My ability to paint was not only used to enhance the children’s program. Asked to recruit help from the youth group, I was put to work painting the new church. I started to think it was easier to paint alone, but how could I turn away a willing heart to serve.

I began the long task at teaching them how to paint, and clean up. It soon became apparent that some youth had no intention on working. However, there were four boys who came every day, and each week I saw their continued willingness to help. They were always on time, and very pleasant to work with. However, their painting skill is a different story.

I showed them the importance to take time when painting, one hard lesson they quickly learned. To teach them this lesson, I had the boys correct their lines until they looked straight. Several months later I found it amusing to see how they adapted and began to use my painting techniques. It was like looking at my reflection in a mirror.

How can someone feel so much pride for her team? Returning for a visit five months later, my boys showed me around. They where enthusiastic to show the work they completed when I was away. I could see their satisfaction in the work they had accomplished.

After ten hours of painting in high humidity, cleanup was welcomed, as it some how always ended in a water fight. At first, my team seemed bewildered to see I was the one to initiate the cool down. As the weeks past, the cool down became a much-rewarded game at the end of a hard day of work.

Bonding with the youth, I quickly became immersed in the language and culture. I was blessed to find one of the youth willing to teach me his Kreyòl language, and become a translator for my messages.

I was first introduced to some basic fraises. As time went on I slowly began to comprehend how to use past, present, and future tenses. We then practiced verbs, and I began to add new words to my vocabulary. As I è became familiar with the language, I realized my spelling in Kreyòl was much better than my English. I needed to keep aware of when to use accents, as it would sometimes change the meaning of the word.

Language was not the only thing I need to adapt to. A hot bath or shower was soon forgotten and I quickly learned to adapt to washing in a bucket of cold water, when there was water.

I also had limited access to electricity. On average my fridge was powered for three hours a day. The fridge soon became an icebox hoping this would help with the loss of meat. What I did have I looked upon as a blessing and I quickly became thankful for the added commodities left behind in Canada.

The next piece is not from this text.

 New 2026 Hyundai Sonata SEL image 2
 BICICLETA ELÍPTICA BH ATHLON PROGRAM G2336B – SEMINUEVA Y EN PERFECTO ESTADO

One delight I took pleasure in, was observing the Haitian people as I walked the ravines; they seemed to have the balance and stealth of a mountain goat, yet when I took a few friends to go swimming they had no concept of bouncy. Instead, as I helped my friends to swim they felt like a sinking stone.

I also received pleasure from taking public transportation. Small, brightly painted trucks known as Tap-Taps seemed to be on their last wheel. As I bounced around from hitting man-sized holes, I felt like a packed sardine in a tin can. I enjoyed watching and listening to the people as we drove by the busy outdoor markets, paying close attention to many original sights, sounds, and very distinct smells.

Returning to Canada after ministering for eleven months in Haiti, I found it very difficult to adjust. Once again try to picture that toddler with her lollipop, enjoying it for a much longer time. How might she feel when her lollipop is being pulled from her mouth, unsure of the next time she will once again feel content to savor its sweet taste.

How can one person have so much joy and love in their heart for a people group? Once again I feel like that toddler. I have tasted the sweetness of ministry in a place where I belong, love, and call home. Haiti will always have a special place in my heart. God willing, I will continue to do what I can and one day return to share the love of Christ to the Haitian people.